At eight years old, she suffered from a serious allergy, and the family doctor advised her mother to take her daughter to a pool to "unlock the nose." She left the swimming school several times, and came to volleyball coaching. Thanks to a mother's attitude, who charged your decision, Paula opted to continue swimming. Soon, got a taste for sport and began to devote herself. In 2003, she left Recife and moved to São Paulo, where she went on to defend the Esporte Clube Pinheiros.

== International career ==

At 18 years old, in 1999 Pan American Games in Winnipeg, won the bronze medal in the 4×200-metre freestyle team as a reserve.

At the 2000 FINA World Swimming Championships (25 m), in Athens, Baracho finished 9th in the 4×200-metre freestyle.

At the 2002 FINA World Swimming Championships (25 m), in Moscow, repeated the 9th place in the 4×200-metre freestyle in 2000.

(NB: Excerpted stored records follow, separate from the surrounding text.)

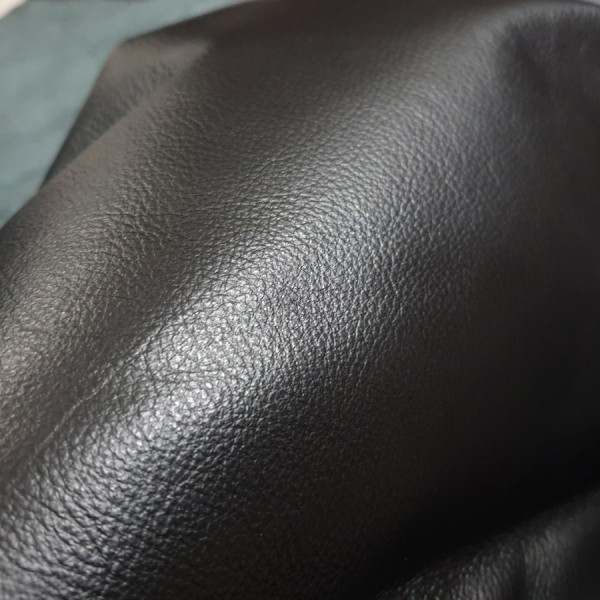UPHOSLTERY LEATHER 2467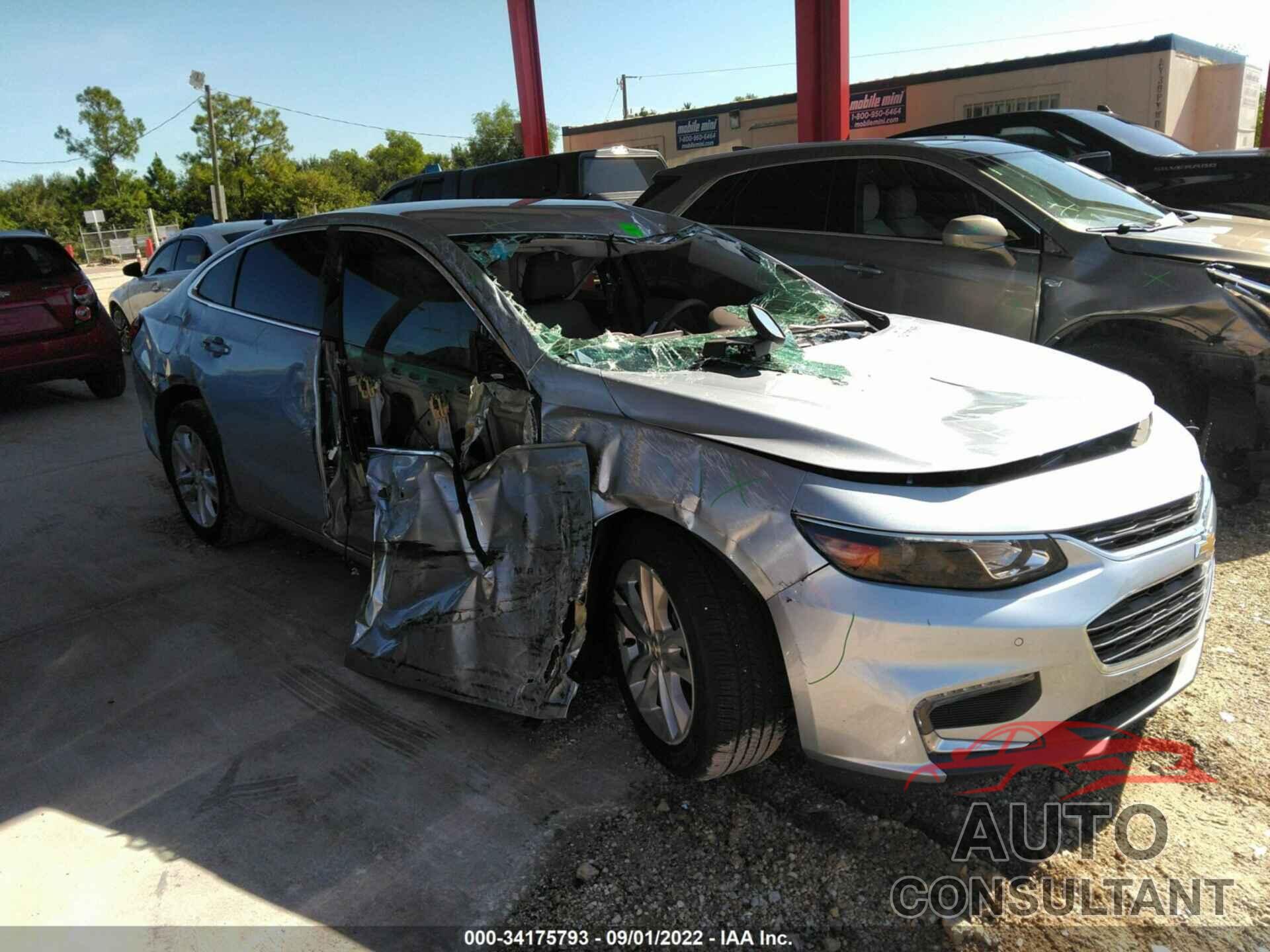 CHEVROLET MALIBU 2017 - 1G1ZE5ST1HF246537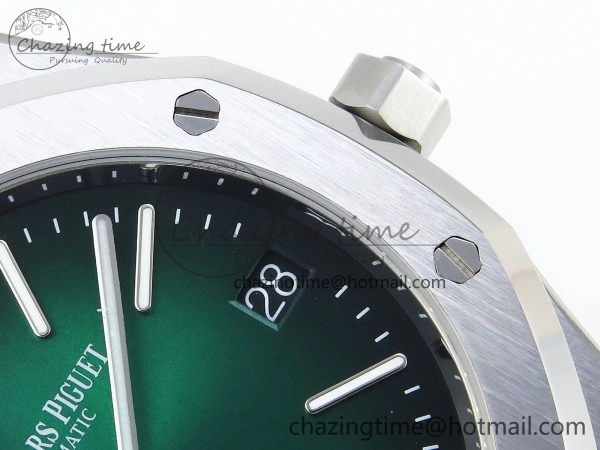 Refined ROYAL OAK 39MM 15202 SS IPF 1:1 BEST EDITION GREEN BLACK DIAL ON SS BRACELET A 4495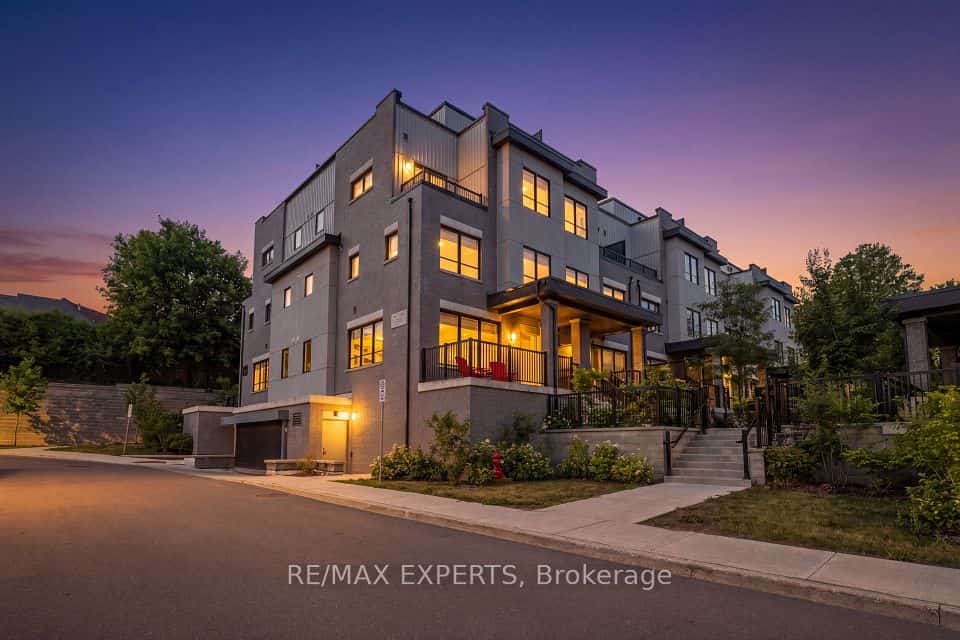 31 Baynes Way #1, Bradford West Gwillimbury, ON L3Z 4M3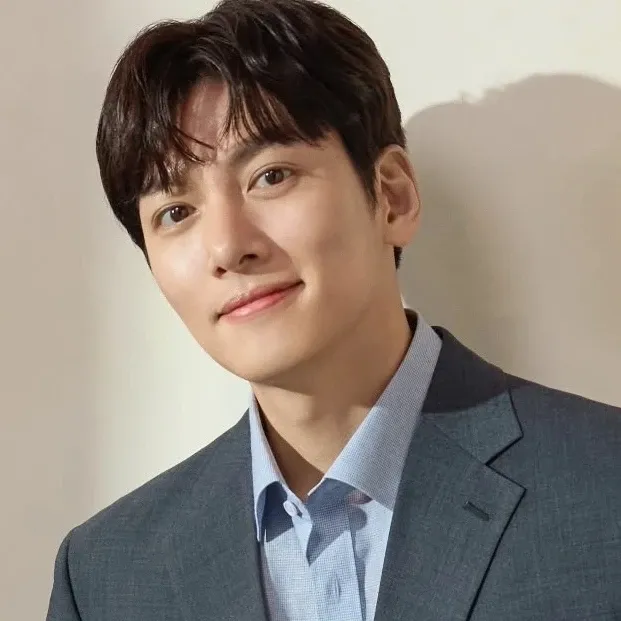 지창욱의 최신 사진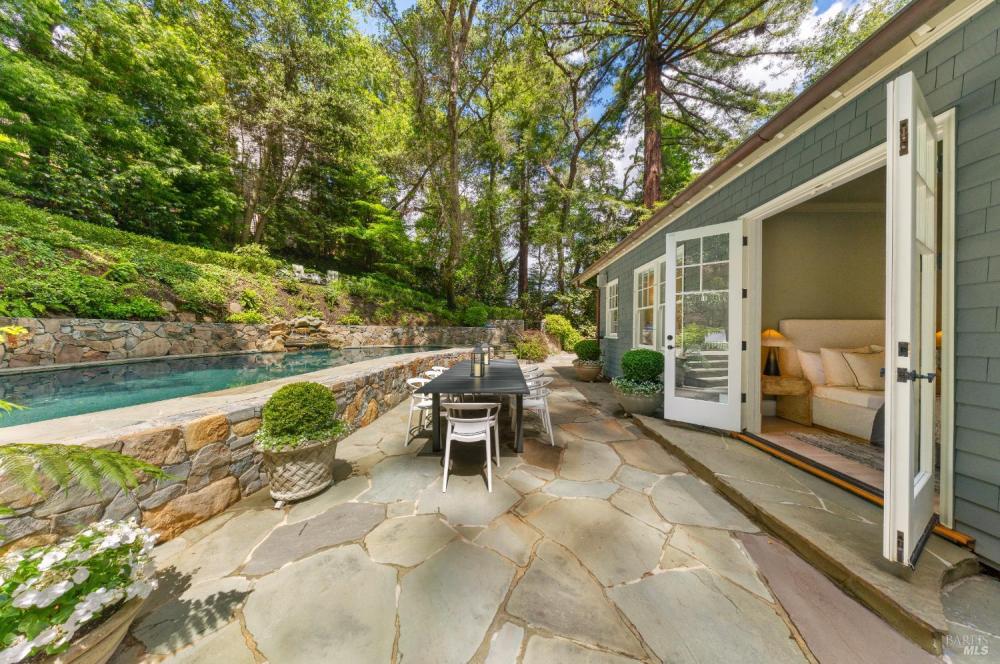 22 Chestnut Avenue, Ross #97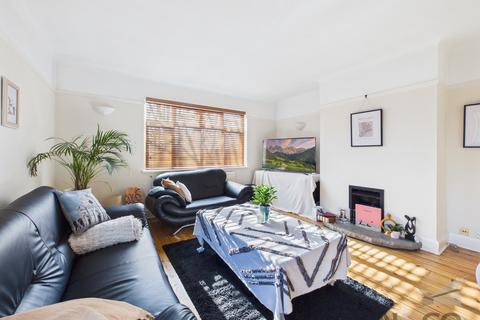 3 bedroom flat to rent, Grosvenor Road - Station Location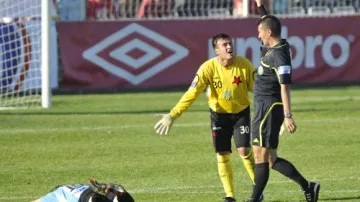 Vyloučení kroměřížského brankáře Marka Vogla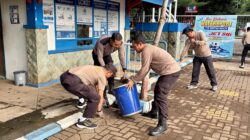 Polres Probolinggo Bersama Warga Percantik Destinasi Wisata Pantai Dukung Gerakan Indonesia Asri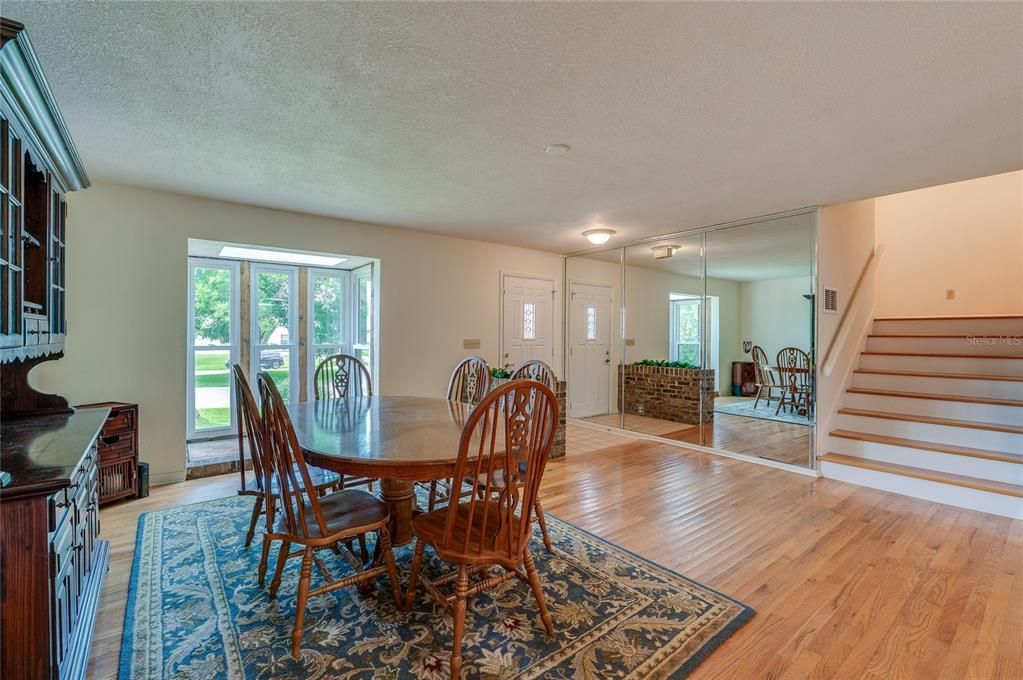 For Sale: $459,000 (3 beds, 2 baths, 2255 Square Feet)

Participating in the 2003 World Aquatics Championships, in Barcelona, she finished 12th in the 4×200-metre freestyle.

She won the silver medal in the women's 4×200-metre freestyle relay at the 2003 Pan American Games in Santo Domingo, Dominican Republic. breaking the South American record, with a time of 8:10.54, along with Monique Ferreira, Mariana Brochado and Ana Muniz. She also finished 4th in the 4×100-metre medley, and 7th in the 100-metre backstroke.

At the 2004 Summer Olympics, in Athens, she was in the 4×200-metre freestyle final, finishing in 7th place. At this final, broke the South American record with a time of 8:05.29, along with Joanna Maranhão, Mariana Brochado and Monique Ferreira.

She was in the 2004 FINA World Swimming Championships (25 m), in Indianapolis, where she finished 11th in the 200-metre freestyle and was in the 4×200-metre freestyle final, finishing in 6th place.

At the 2005 World Aquatics Championships, in Montreal, she finished 13th in the 4×200-metre freestyle

Participated in the 2006 FINA World Swimming Championships (25 m), in Shanghai, where she finished 34th in the 200-metre freestyle and 9th in the 4×200-metre freestyle.

In 2006, she went through a difficult period of his career. The athlete suffered several bouts of tonsillitis, which made her lose a lot of pace training. Without having expectations for a rapid recovery, Paula returned home in September 2006. In 2007, she was in third semester of Physical Education, at the Maurício de Nassau University.

At the 2007 Pan American Games, in Rio de Janeiro, Baracho won the bronze medal in the 4×200-metre freestyle. She was also ranked 8th in the 200-metre backstroke

== After professional swimming ==

In 2008, she began to move away from pools. In 2010, became swimming coach.